A survey of 70 interviews with Sri Lankan women in Lebanon reveals how the host country’s legal and social arrangements lead to migrants being trapped in abysmal living and working conditions. When the maids arrive at Beirut airport, immigration officers take their passports and hand them over to their respective employers, who take them to the agency, where a contract in Arabic – often bearing no resemblance to what they agreed to back home – is signed. With no money and no passport, they cannot choose not to sign these papers.
The number of suicides is increasing. In the past four years, 45 Filipinas, 50 Sri Lankans and 105 Ethiopians have killed themselves. A pathologist says that in many cases, the corpses were covered in bruises, bites or burns.
HRW says that the Government of Sri Lanka “deserves credit for initiating important steps to manage the outflow of migrant workers and to start providing protections”. The Government set up an institutional structure, the Sri Lanka Bureau of Foreign Employment, in 1985, to ensure that workers migrate through legal channels, and that corruption and exploitation by recruitment agencies are minimised, and that the flow of workers’ remittances is facilitated.
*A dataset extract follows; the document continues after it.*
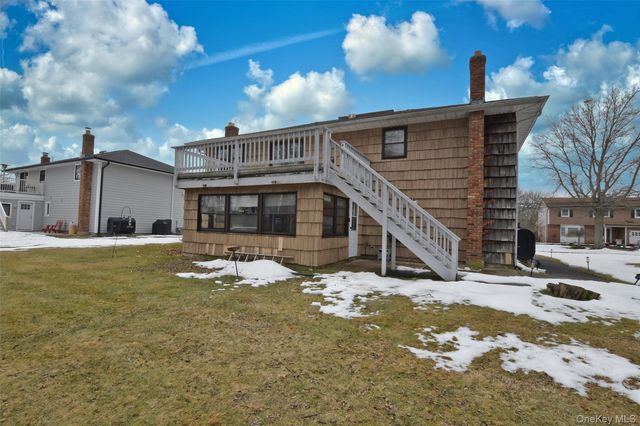 205 Connetquot Road, Oakdale, NY 11769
Perhaps, a more important issue is “right livelihood”, the fourth category in the noble eightfold path of Buddhism. Should a nation’s livelihood depend on the sufferings of a group of its citizens? Should a state manage its finances by depending on poor women who are being exploited and their family lives disrupted? If the state is to benefit, it should ensure that its benefactors are respected and well-protected from abuse.